So last night, I was out at a party. It was a nice party, where I got very well close to inebriated.
I realize now that often, when I look back at moments like last night, that the term "well close to inebriated" actually means "completely inebriated," point blank. But I digress.
And I digress again, by adding the fact that I was wearing my new White Pants (uh, yeah.... in 30 years, if their are archives of old blog posts admitting such things as "I wore White Pants" they will be just as bad those movies we currently watch of the '70's childhood videos of ourselves and parents - oy), for which, unbeknowenst to me, were the talk of the [ladies of the] party ( i.e., my ass looked hot in them, phew).

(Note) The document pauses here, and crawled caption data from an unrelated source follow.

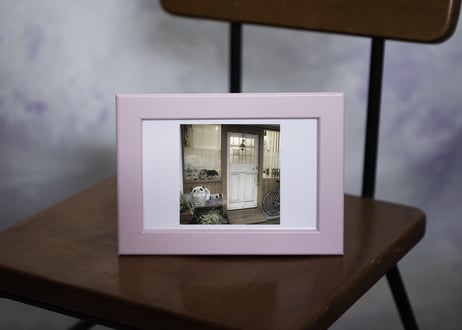 シェイカー♡フォトフレーム Amazon.co.jp: FUNSHOWCASE シェイカーモールド シリコンモールド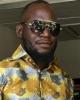 Ace is single in Lake Mary, FL USA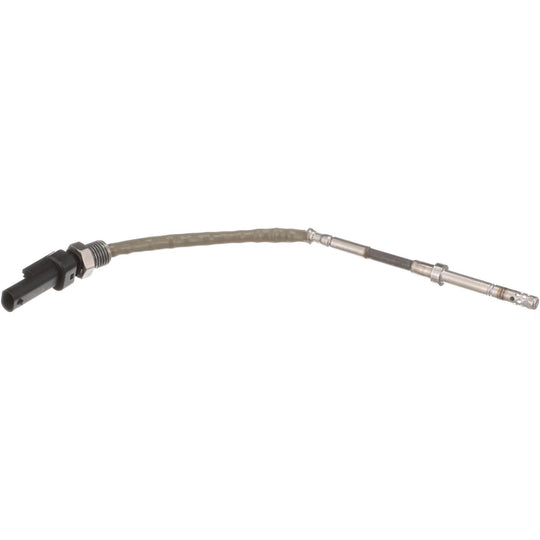 ETS312 Exhaust Gas Temperature (EGT) Sensor Standard Ignition Canada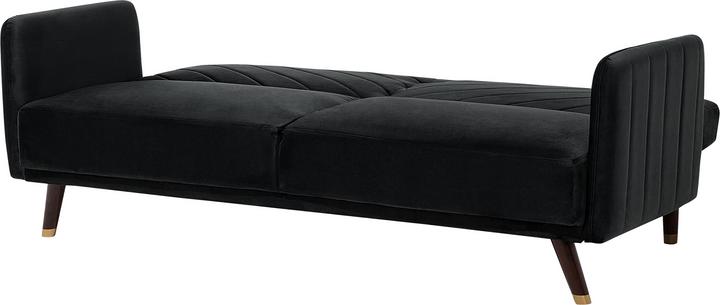 Actual product image Beliani Senja (Sofa bed)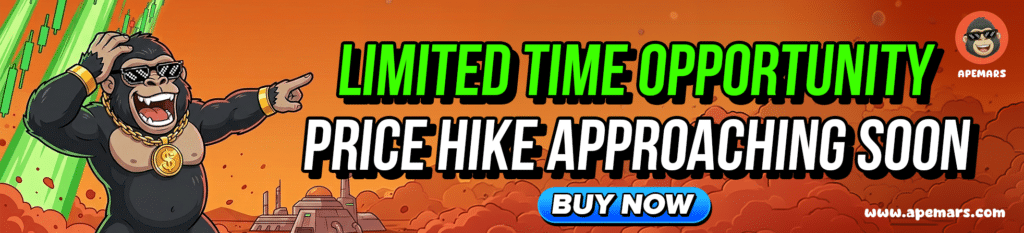 比特币价格走势背后的早期参与逻辑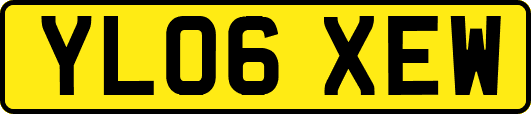 YL06XEW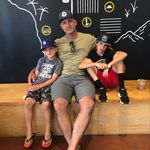 Will Maynard - @wmaynard77 - Instagram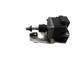 Triumph Street Triple 675 2008 2011 Original Tps Sensor Shp-35d2001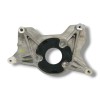 Recambio de soporte amortiguador para tesla model 3 ev referencia OEM IAM 104437100D DELANTERO IZQUIERDO 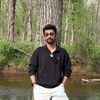 Omkar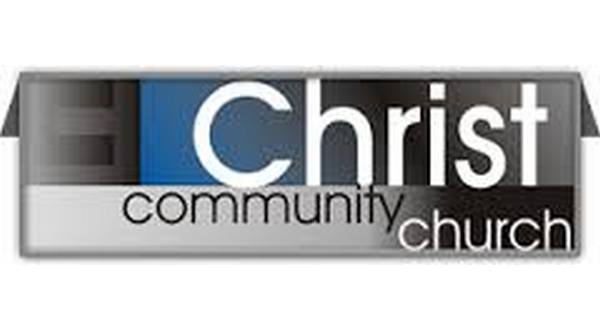 wireready_12-10-2018-21-12-02_06285_christ_community_church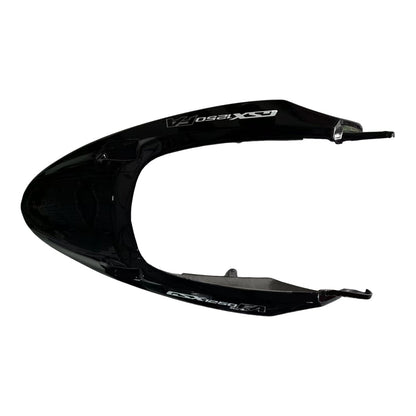 2012-2014 Suzuki GSX1250 FA Fairing Kit Bodywork Plastic ABS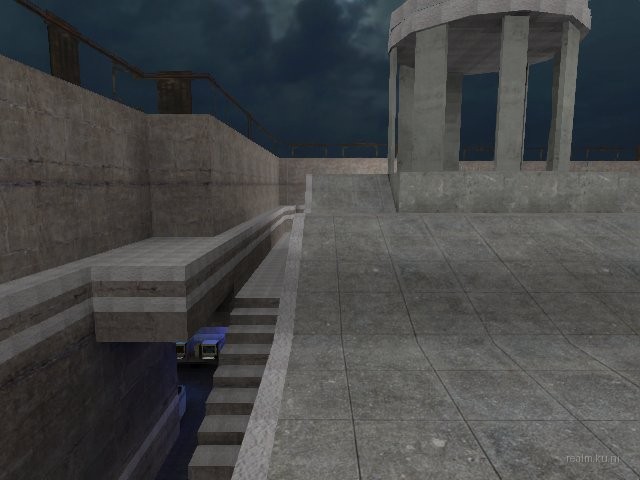 dm_manor_by_night thumb 13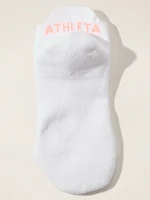 Athleta Everyday Ankle Sock -Pack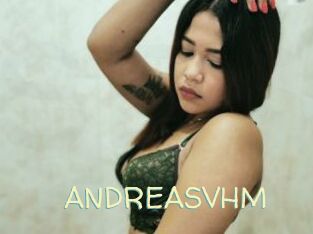 ANDREASVHM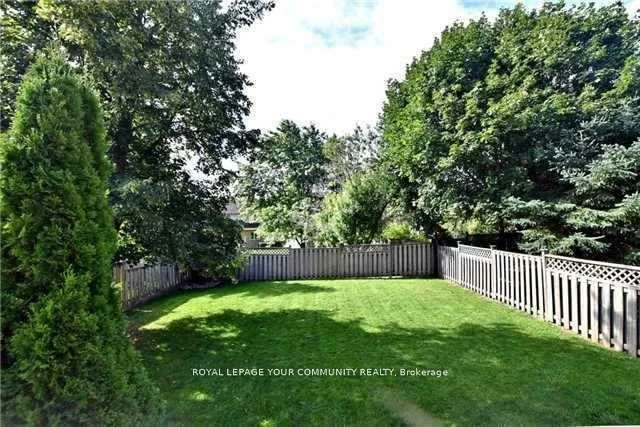 51, Falan Heights, Aurora Heights, Aurora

[Hey. Don't you love love love my excessive use of English grammatical stuff like this:;" ( )? I'm really good at it. Or bad. I can't tell anymore (should I have used a semicolon there)?]

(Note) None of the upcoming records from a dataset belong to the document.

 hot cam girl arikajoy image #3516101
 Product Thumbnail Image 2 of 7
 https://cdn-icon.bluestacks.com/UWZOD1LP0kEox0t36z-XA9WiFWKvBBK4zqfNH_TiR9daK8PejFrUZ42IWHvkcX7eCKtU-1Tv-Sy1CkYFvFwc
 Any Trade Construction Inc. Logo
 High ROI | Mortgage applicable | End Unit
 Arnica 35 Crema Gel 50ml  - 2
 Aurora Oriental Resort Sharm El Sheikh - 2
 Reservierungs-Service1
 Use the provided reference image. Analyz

OK, Back to The Story. Now that we've got my hot white-ass White Pants out of the way, I'll get to the point. I had a little epiphany last night about the ex-boyfriend. And that epiphany is just like the title: I closed the lid but I didn't flush.

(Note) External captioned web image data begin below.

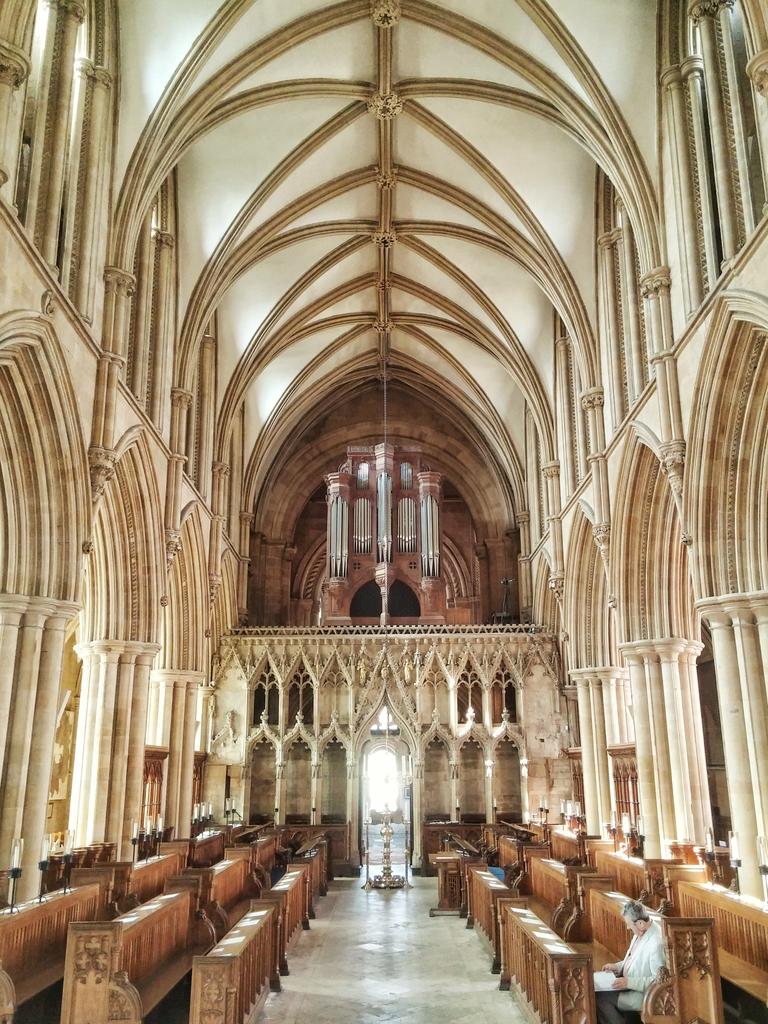 Justin Nugent on Twitter "DamoPhoto MastersOfVision Aye there are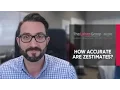 The Lobas Group Can You Trust Zillow s Zestimates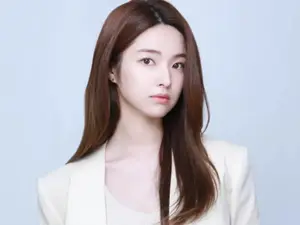 '닥터 프리즈너'·'중증외상센터' 라이징 스타 하영… 뼈아픈 역사적 무지가 불러온 화 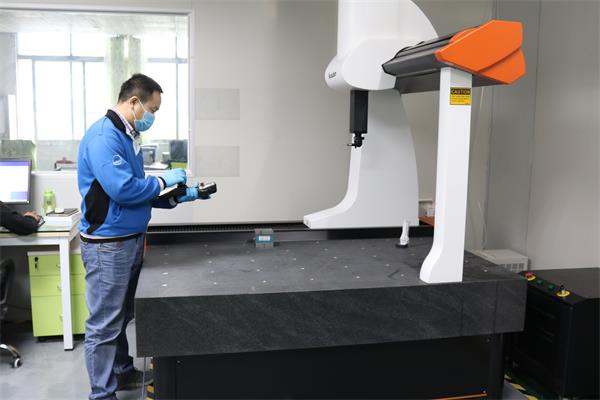 Pc材料手板模型制作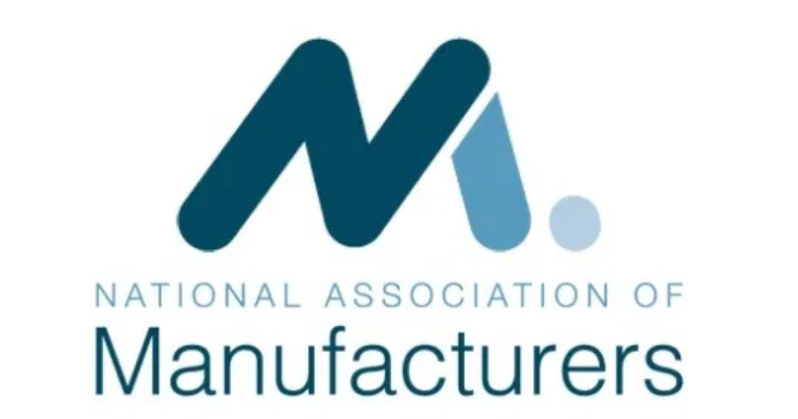 NAM-logo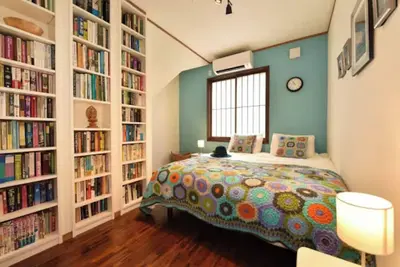 Image de An entire chalet for rent in Takachiho Town Nishi / Nishiusukigun Miyazaki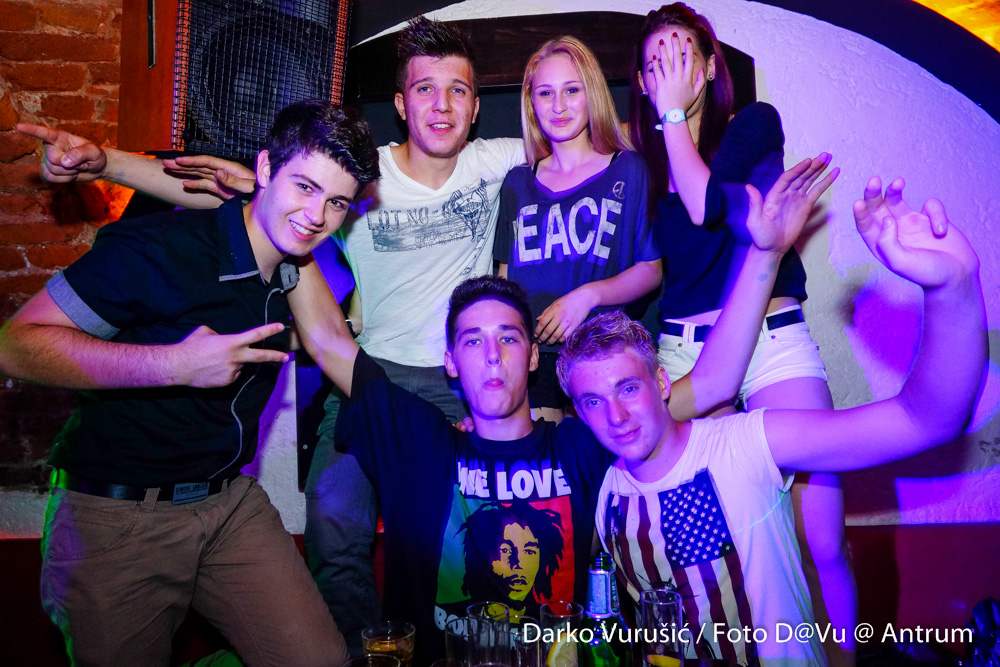 antrum srpanj 2014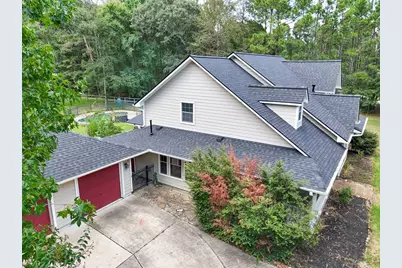 7863 Rodeo Road, Waller, TX 77484 - Photo 35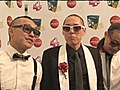 itn - Far East Movement touring with Lil Wayne | BahVideo.com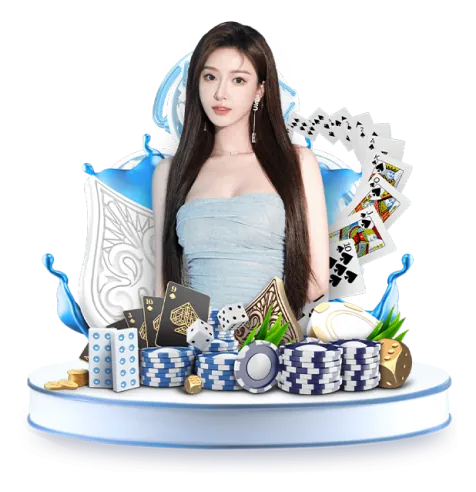 Đa dạng sản phẩm cá cược tại Hello88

It was me who called it off. And you know what? From the view over here, it seems that I am the only one who still smells the stink of it. I didn't flush. He oozes in somehow to every fucking day of my life. I miss him, I hate him, I empathize for him. Repeat. He flushed me the minute I gave the execution order. But here I am, still holding on to the relationship and cursing what it had and what it lacked everytime I think about it. Every day still. Granted, it's less and less everyday, but it is everyday nonetheless.
I've been telling myself to flush it for months. Months! I know this post is not really Gertie-style; I'm a pretty strong woman, after all. But often times the strongest of women are weak in the most unexpected ways. And to not be able to flush, just flush! this last relationship is a really surprising thing for me to realize I cannot accomplish.
Hrrmph. That F**ker. Sticks like glue. Off! Off!